As in with intentions mixed in with life, things aren’t that simple. I had posted this concern on the lists and probably here as well; but I’m just going to repeat myself.
The SeaMonkey Project will only be supporting the 2.53.* (Gecko 56) family. Any other previous versions are no longer supported in terms of updates. As of this writing, I’m not entirely sure the 2.49.* family will ever be updated (but you’ll never know). The 2.49.1 – 2.49.4 to 2.49.5 update is a special case as the 2.49.5 update files had changed and we missed the opportunity to create a set of transitional update files for that.

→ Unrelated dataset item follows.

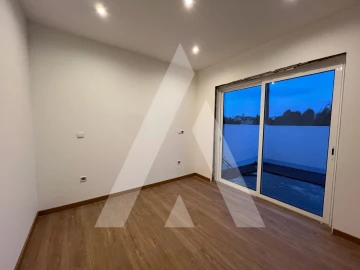 Moradia T3 para Venda em Esgueira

Big corporations, like Microsoft, no longer support old operating systems. Win 1 to (recently) Win7 are no longer supported. Ditto with the Windows Servers (NT, to 2008). If big corporations can’t/won’t support old operating systems; what hope do we (as a small group of volunteers) have? Is this a justification to leave old software high and dry? No; but it is not realistic to expect a small group of volunteers to support software that no longer build on any system. Furthermore, even websites are now finicky as to which browser can view them, which further adds to the frustrations of using old SeaMonkey versions.
Is it possible to set up a VM to build old software? Possibly; but is it worth the time and resources? Unfortunately, the answer here is no. This is the unfortunate by-product of technological progression. Does this mean the old versions can’t be used? No. It’s just that using it on an actual system could potentially harm the system.

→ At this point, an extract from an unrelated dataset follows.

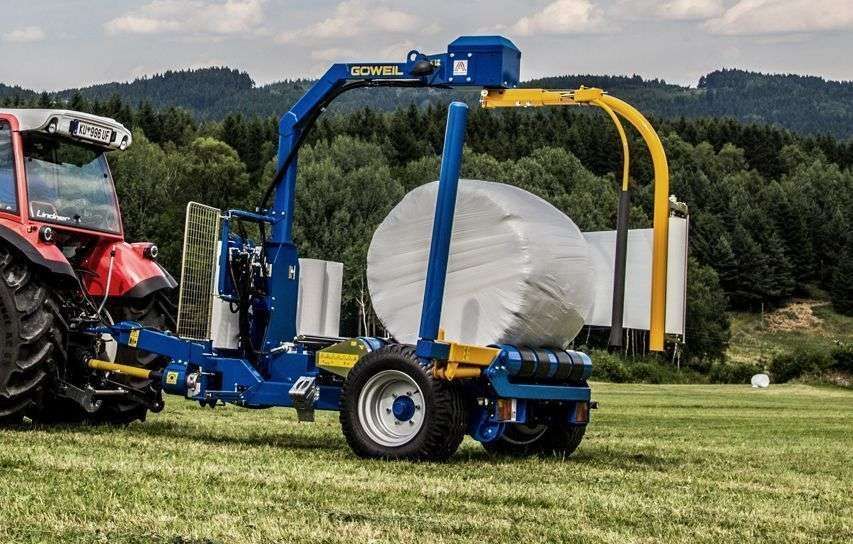 Owijarka do bel okrągłych Goweil G5012 podczas pracy Owijarkki do bel okrągłych i kadratowych na korbanek.pl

I realize this may sound like an excuse for ignoring old software; but there really only so much we can do; particularly when the engine is changing so rapidly that we’re trying to keep track of the *latest* stuff coming out from Mozilla.
The benefit of the SeaMonkey project sticking with only 2.53.x + updates is that these updates will work on systems being updated. All other versions polling for updates will not get any. (Still, a part of me is reserving the right to modify the system to allow updates from 2.49.x to 2.49.5 at least. As mentioned earlier in a post on the support mailing list, only versions > 2.33 (iirc) can be updated due to certificates not being recognized and that can’t be helped.))
So the final conclusion, as mentioned above, is that only 2.53.x + will get updates.
I do apologize for the long windedness and the decision to only update 2.53.x. It doesn’t give me pleasure to state it outright; but it’s always the resources issue.